Fifth, 1 John 4:7-12, 19 is a summary of God’s explanation for reversing the effects of the fall in the area of self-love. It builds on Matthew 22:37-40 and the parallel accounts in the gospels. John presupposed sinful self-love and highlighted God’s solution. He began with God as the fountain of all love – God is love and he loves (v.7-8). God is Lover par excellence. In response to God’s love of him, the believer truly loves. Only the believer can properly love. He is and will grow in loving God, others, and self God’s way.

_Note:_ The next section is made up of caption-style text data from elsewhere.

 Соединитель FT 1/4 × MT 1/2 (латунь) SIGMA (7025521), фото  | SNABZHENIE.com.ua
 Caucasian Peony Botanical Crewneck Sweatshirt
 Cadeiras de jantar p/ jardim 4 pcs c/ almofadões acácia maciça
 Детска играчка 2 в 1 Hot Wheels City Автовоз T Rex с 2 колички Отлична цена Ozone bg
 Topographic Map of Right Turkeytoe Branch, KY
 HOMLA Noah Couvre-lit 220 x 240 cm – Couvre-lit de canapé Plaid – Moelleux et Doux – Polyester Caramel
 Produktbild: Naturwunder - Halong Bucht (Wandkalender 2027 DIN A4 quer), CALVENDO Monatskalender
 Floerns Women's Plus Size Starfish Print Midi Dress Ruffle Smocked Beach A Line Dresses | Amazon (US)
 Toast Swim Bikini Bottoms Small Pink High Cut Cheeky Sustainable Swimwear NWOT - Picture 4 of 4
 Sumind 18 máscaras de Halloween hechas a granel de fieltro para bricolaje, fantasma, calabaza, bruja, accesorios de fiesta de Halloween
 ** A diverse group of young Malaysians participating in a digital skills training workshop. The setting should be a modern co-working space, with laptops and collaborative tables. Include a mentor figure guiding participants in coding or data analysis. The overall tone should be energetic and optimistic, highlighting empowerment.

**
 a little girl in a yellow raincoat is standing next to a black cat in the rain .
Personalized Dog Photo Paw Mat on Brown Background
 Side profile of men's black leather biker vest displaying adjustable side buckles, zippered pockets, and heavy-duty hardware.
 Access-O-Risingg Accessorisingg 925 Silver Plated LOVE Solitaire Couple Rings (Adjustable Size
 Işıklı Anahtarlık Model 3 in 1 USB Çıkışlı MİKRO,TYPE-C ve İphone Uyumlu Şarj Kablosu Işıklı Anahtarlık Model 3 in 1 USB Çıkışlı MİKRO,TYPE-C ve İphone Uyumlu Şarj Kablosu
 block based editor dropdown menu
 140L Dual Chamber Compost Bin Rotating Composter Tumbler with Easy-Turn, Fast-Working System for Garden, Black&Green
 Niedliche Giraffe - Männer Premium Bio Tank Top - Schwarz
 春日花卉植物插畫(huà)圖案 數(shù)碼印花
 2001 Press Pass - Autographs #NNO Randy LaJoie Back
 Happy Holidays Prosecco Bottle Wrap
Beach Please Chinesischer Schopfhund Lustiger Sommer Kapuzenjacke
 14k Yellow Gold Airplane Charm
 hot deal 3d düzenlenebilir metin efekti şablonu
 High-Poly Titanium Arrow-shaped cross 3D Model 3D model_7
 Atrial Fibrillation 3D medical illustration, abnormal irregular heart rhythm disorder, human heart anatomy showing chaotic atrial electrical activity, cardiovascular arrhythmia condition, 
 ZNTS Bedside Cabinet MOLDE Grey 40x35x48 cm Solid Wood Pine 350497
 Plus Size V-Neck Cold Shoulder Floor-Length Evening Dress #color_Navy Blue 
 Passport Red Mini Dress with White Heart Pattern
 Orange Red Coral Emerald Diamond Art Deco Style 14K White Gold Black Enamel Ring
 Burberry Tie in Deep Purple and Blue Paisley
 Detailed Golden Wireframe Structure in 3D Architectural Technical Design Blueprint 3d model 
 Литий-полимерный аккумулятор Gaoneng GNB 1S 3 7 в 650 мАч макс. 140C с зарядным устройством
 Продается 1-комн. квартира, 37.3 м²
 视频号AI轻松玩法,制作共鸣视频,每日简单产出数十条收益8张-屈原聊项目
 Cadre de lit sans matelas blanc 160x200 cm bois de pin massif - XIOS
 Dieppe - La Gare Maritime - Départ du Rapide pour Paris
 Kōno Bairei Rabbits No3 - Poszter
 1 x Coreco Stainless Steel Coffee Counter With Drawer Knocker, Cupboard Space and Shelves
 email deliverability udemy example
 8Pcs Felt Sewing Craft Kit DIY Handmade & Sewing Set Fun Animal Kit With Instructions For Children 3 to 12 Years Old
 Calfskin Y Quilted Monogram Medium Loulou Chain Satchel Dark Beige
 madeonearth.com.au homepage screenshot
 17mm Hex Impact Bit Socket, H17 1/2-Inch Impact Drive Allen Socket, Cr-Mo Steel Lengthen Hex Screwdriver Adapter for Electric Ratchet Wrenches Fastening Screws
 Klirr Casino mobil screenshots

Man’s capacity to love is derivative and initially it was properly directed toward God and others. Once God judged Adam and with him the whole human race, the capacity to love was directed toward self for self away from God and others. Upon regeneration (born of God – v.8), the believer can truly loves because he has been loved by God (v.19). The believer was regenerated, in part, so that he could love God and love others God’s way. As a result, self-love begins not with self but with God and others. The biblical view of love including self-love destroys the validity of all psychological theories. Proper self-love looks away from self to God and others. With that, we have come full circle and are back to a Matthew 22:37-40 and a proper understanding of love.

1. Define love.
2. How does your love model God’s love of Himself?
3. How is it possible to self-love?
4. What does godly self-love look like and from what does it spring?